DATASET ENTRIES Start Marker

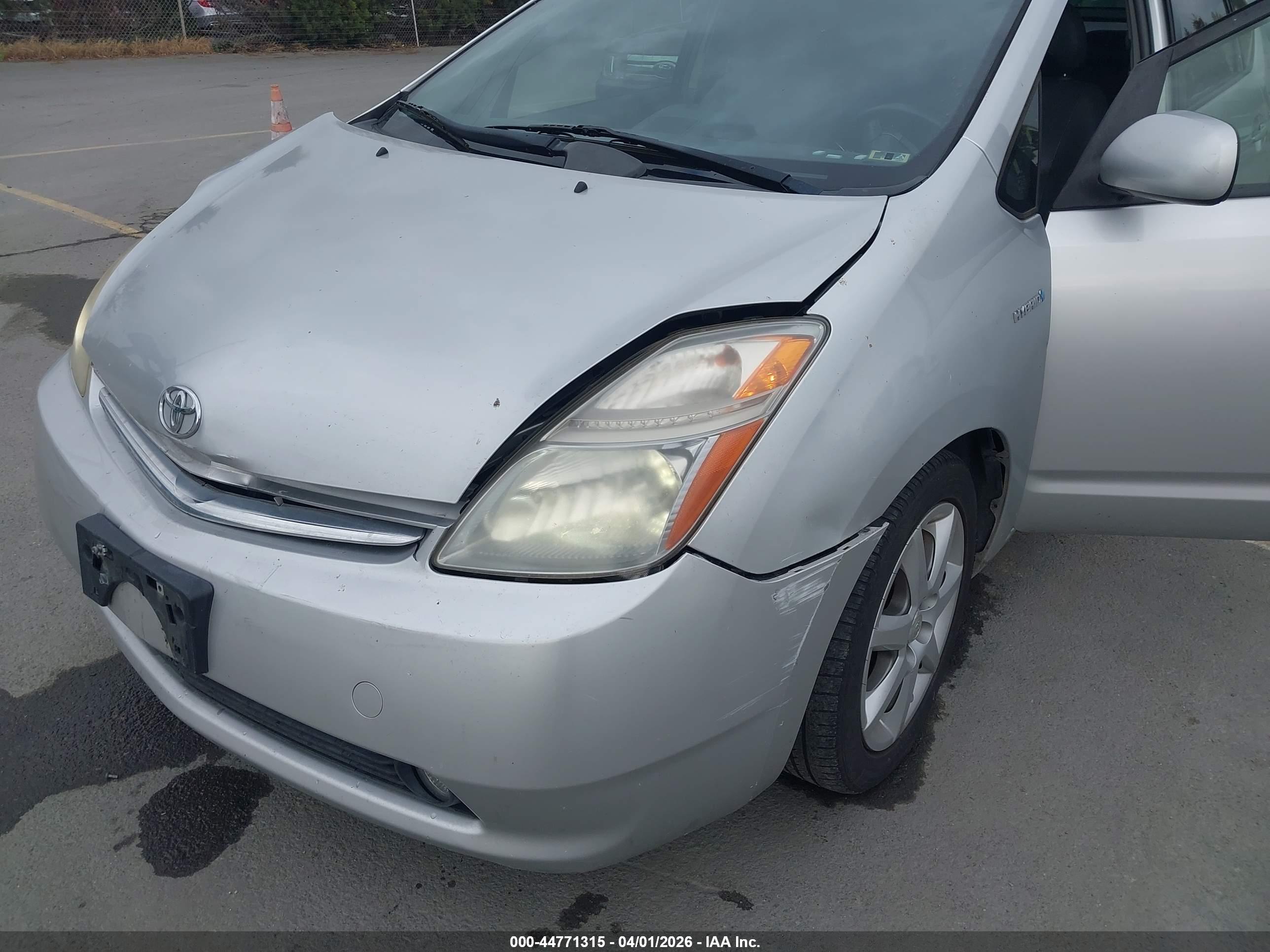 TOYOTA PRIUS image 6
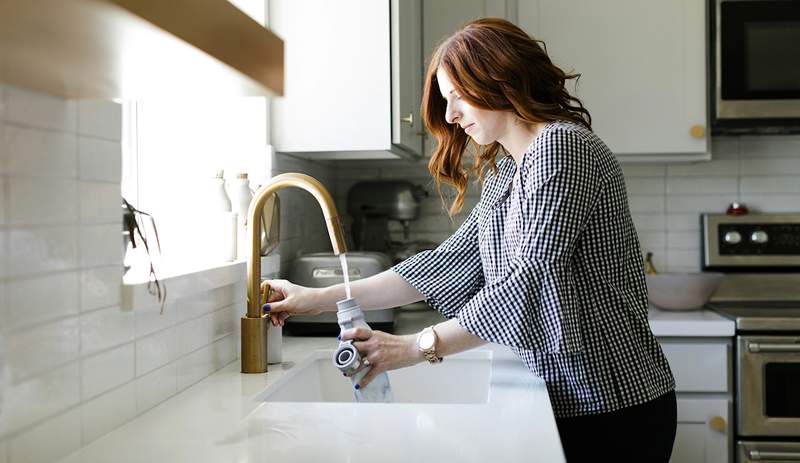 4 Meilleurs filtres à eau sous-pénible pour améliorer le goût et la pureté de chaque goutte de votre robinet de cuisine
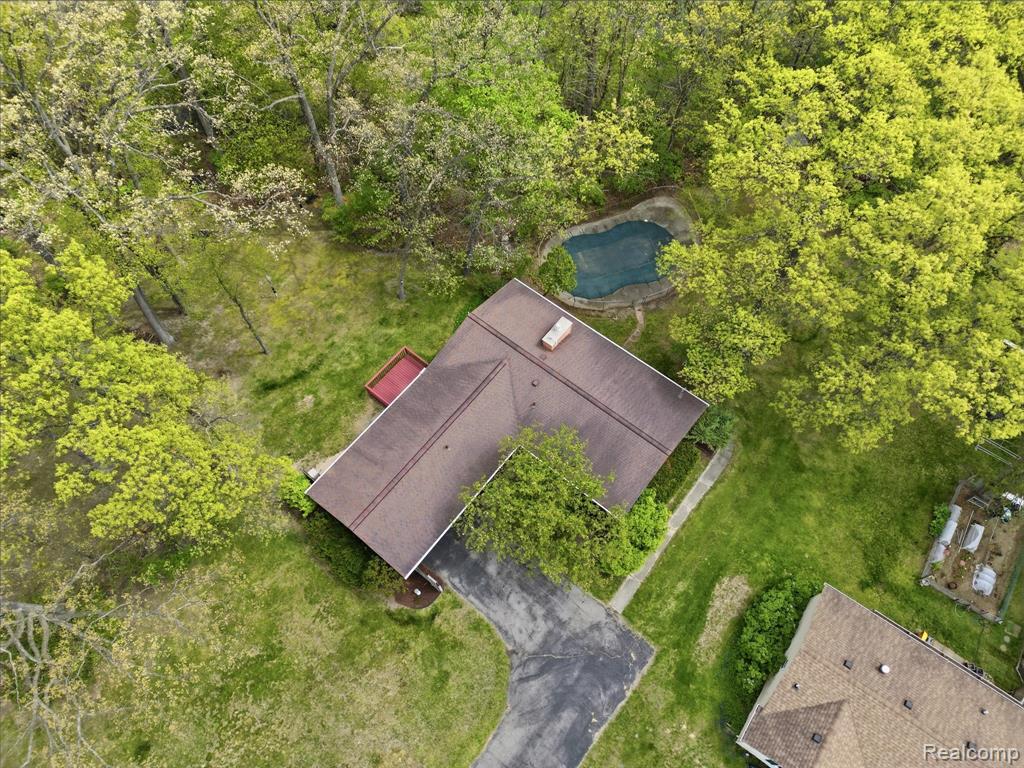 8645 Fieldcrest Drive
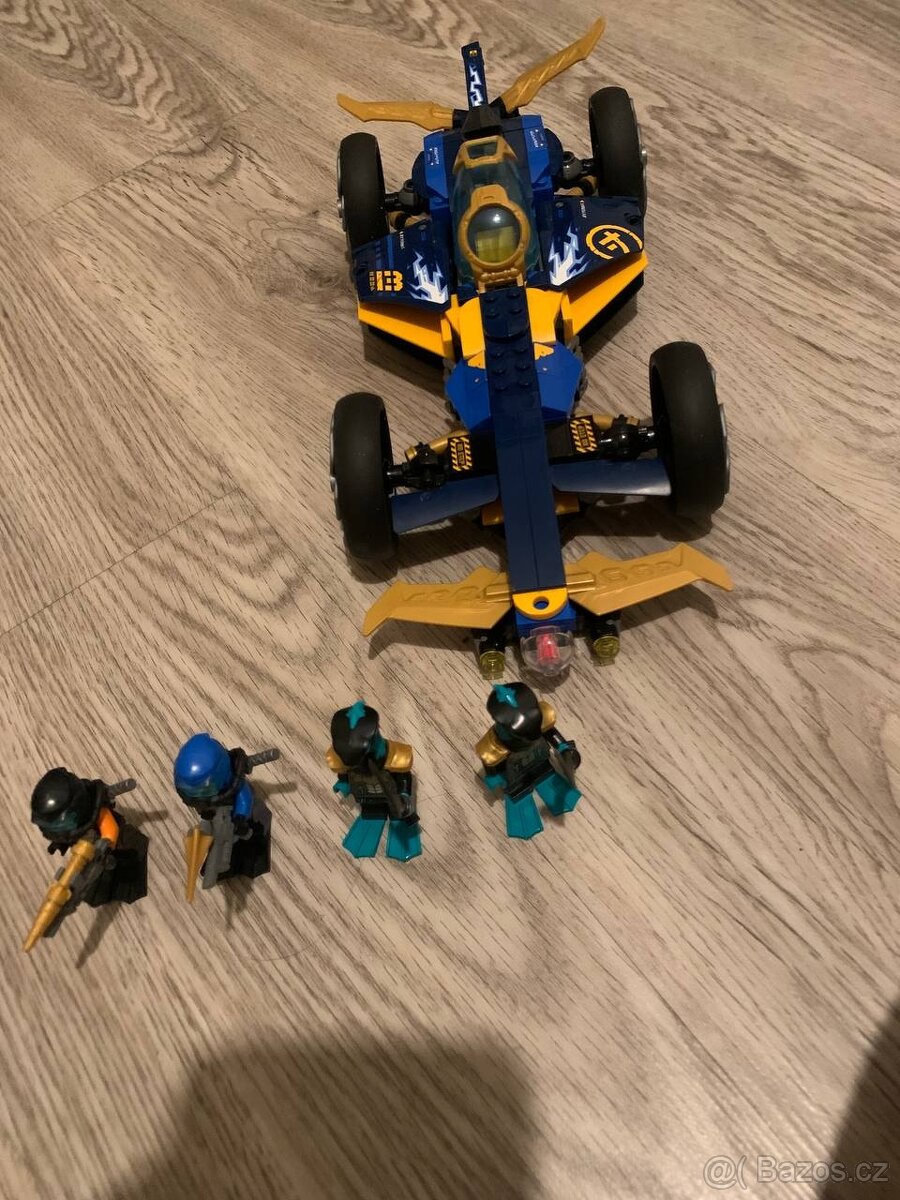 Lego Ninjago 71752 Universální nindža auto
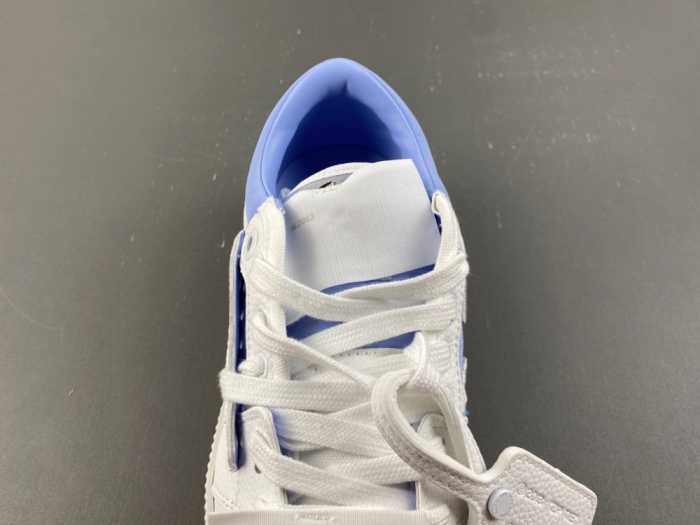 O*ff W*hite Low Tops Sneakers MK 20260910-6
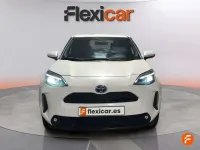 Begagnad Toyota Yaris Cross Active 116 HK (85 kW) 2024 Vit SUV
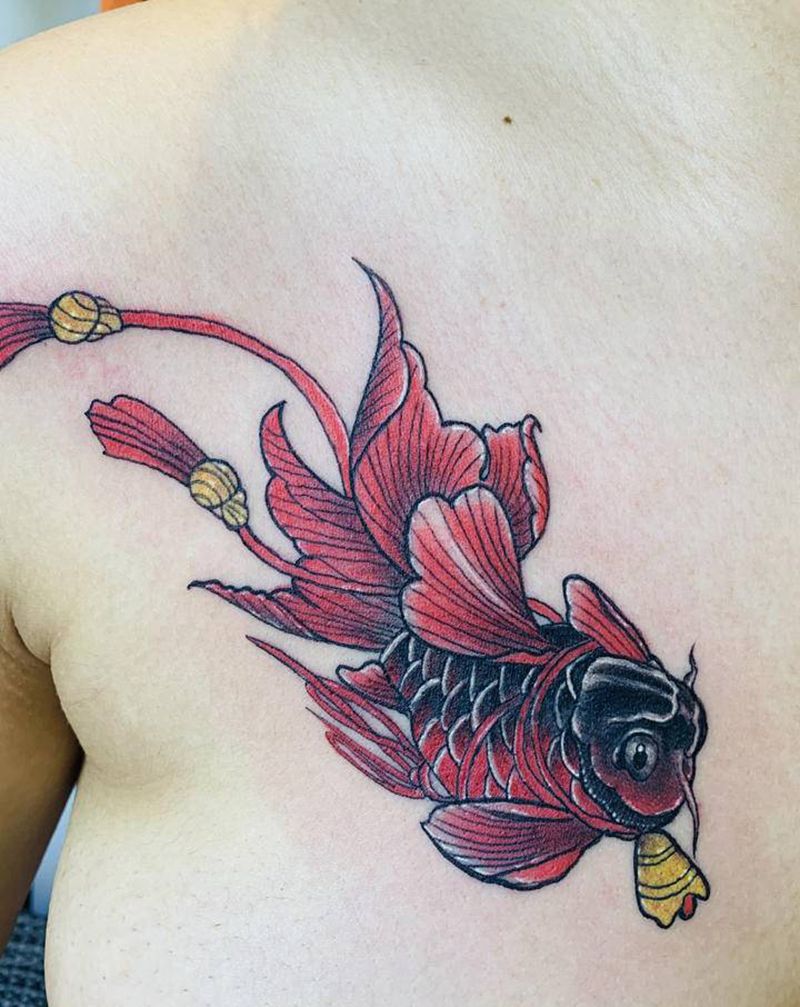 小金鱼一条纹身图片_胸部纹身图案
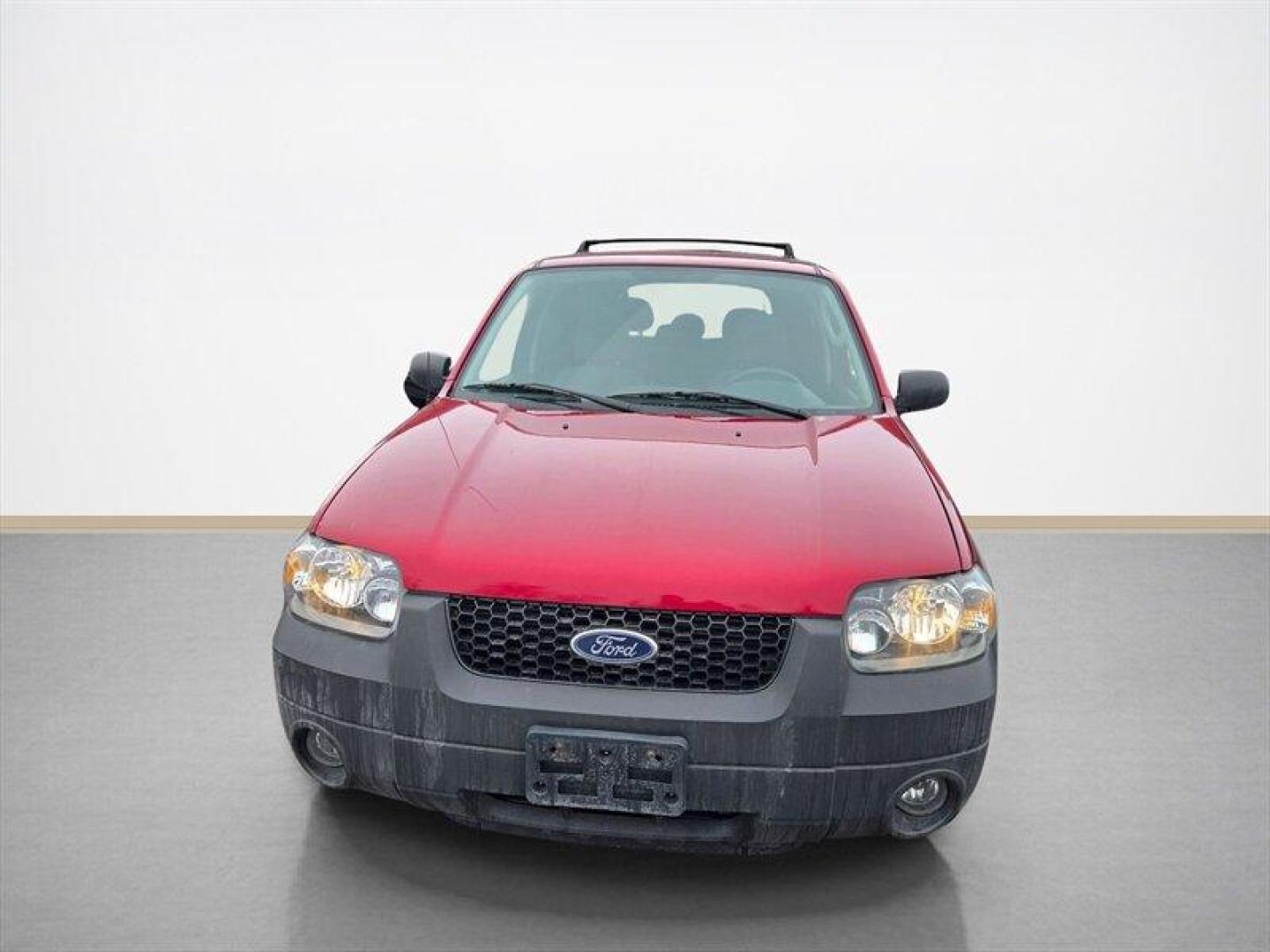 2006 Redfire Clearcoat Metallic Ford Escape XLT Sport (1FMCU93116K) with an 3.0L NA V6 double overhead cam (DOHC) 24V engine, Automatic transmission, located at 25355 Eames Street, Channahon, IL, 60410, (815) 467-1807, 41.429108, -88.228432 - ** LOCAL TRADE IN, WHOLESALE AS-IS SPECIAL, HAS SOME RUST. **Introducing the 2006 Ford Escape XLT, an ideal blend of functionality and style, perfect for both daily commutes and weekend adventures. This SUV is powered by a robust 3.0L NA V6 double overhead cam (DOHC) 24V engine, delivering a balance - Photo#8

DATASET ENTRIES End Marker

→ **ASSIGNMENT**:
The data above must be copied exactly. Leave out the pictures.

→ **OUTPUT**:
 TOYOTA PRIUS image 6
 4 Meilleurs filtres à eau sous-pénible pour améliorer le goût et la pureté de chaque goutte de votre robinet de cuisine
 8645 Fieldcrest Drive
 Lego Ninjago 71752 Universální nindža auto
 O*ff W*hite Low Tops Sneakers MK 20260910-6
 Begagnad Toyota Yaris Cross Active 116 HK (85 kW) 2024 Vit SUV
 小金鱼一条纹身图片_胸部纹身图案
 2006 Redfire Clearcoat Metallic Ford Escape XLT Sport (1FMCU93116K) with an 3.0L NA V6 double overhead cam (DOHC) 24V engine, Automatic transmission, located at 25355 Eames Street, Channahon, IL, 60410, (815) 467-1807, 41.429108, -88.228432 - ** LOCAL TRADE IN, WHOLESALE AS-IS SPECIAL, HAS SOME RUST. **Introducing the 2006 Ford Escape XLT, an ideal blend of functionality and style, perfect for both daily commutes and weekend adventures. This SUV is powered by a robust 3.0L NA V6 double overhead cam (DOHC) 24V engine, delivering a balance - Photo#8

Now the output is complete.